Conference Coverage

A unified app platform helps gastroenterologists achieve a digital transformation


 

EXPERT ANALYSIS FROM AGA PARTNERS IN VALUE 2019

Case study: Colonoscopy

After a particularly discouraging day in the endoscopy suite in which six of seven patients had inadequate bowel preparation for colonoscopy, Dr. Atreja dug a little further into Mount Sinai’s endoscopy data. “I realized we were losing one million dollars a year because of no-shows and inadequate bowel preparation,” he said.

A higher success rate could be achieved with bowel preparation if enough staff time is dedicated to repeat phone calls, he conceded. “But you are spending $300,000 just on a brute force solution” of massive staff resources, he said.

In the Mount Sinai example, when all missed opportunities are considered, “you’re looking at 4 to 5 million dollars that we’re leaking because we are not able to engage patients at the right time.”

Gastrointestinal procedures are a major source for revenue leaks, he said. Patients may miss procedures or be late; up to 1 in 4 patients may have poor bowel preparation, and sometimes patients arrive without a plan for a ride home after a procedure that requires sedation.

Other care gaps include the 30%-70% of patients who don’t return at recommended screening intervals, and patients who have positive fecal immunohistochemical testing but don’t receive a colonoscopy. Some patients have colonoscopies ordered, but never scheduled, and still others are never offered any colorectal cancer surveillance testing at all.

It’s no wonder patients are confused, said Dr. Atreja, providing an example of one center’s colonoscopy preparation instructions for split-dose polyethylene glycol bowel preparation. Patients must closely follow a full page of bullet points to be completed at precise time intervals. “One in four patients actually loses the paper by the time they need it before the procedure,” he said. Another 40% don’t look at instructions until it’s too late to prepare adequately or to line up an escort to bring them home post procedure.

This scenario, he said, shows that “it’s not in the science of medicine, but in the practice of medicine, that we are failing. ... So how about we completely change the game and create a real-time digital navigation for the patient?”

The digital alternative to the slip of paper is a real-time patient navigation tool that guides patients through the entire colonoscopy preparation process. “Based on where the patient is at that point in time, and the procedure, and the bowel prep,” the app gives the patient timely and relevant information: what the procedure is like, why bowel preparation is important, and how preparation is correctly performed, explained Dr. Atreja.

A reminder to arrange an escort arrives on the patient’s phone a full 10 days before the procedure, with subsequent nudges. Patients even receive driving and parking directions. The day before the procedure, a last-minute query checks on transportation. “So we’re working with Uber to actually make an ... integration with Uber so they can pick up the patient if they have transportation issues.”

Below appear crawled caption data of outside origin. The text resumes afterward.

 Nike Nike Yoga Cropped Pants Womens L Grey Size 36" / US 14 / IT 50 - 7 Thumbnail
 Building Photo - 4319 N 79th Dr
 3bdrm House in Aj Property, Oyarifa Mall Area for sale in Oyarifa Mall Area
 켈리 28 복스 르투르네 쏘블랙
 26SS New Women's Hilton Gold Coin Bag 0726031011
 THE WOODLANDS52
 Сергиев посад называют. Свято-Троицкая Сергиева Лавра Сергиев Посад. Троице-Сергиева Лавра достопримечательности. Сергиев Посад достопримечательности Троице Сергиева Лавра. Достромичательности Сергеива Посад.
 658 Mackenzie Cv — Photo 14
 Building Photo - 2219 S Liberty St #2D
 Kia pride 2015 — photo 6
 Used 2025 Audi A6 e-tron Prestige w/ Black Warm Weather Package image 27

Post procedure, patients are asked about their experiences, and a plan for appropriate patient recall is integrated into the app as well. “The best part is, this has not been designed by anyone [other] than those in the health system. Because we already know the recommended guidelines, we know the best practices.” This, he said, is where the value of digital apps is truly created.

Early evidence gleaned from a dashboard that’s part of the digital health solution from one site using the app shows a 24% improvement in bowel preparation. Importantly, the rate of aborted procedures has been cut in half, and patient satisfaction rates are at 93%.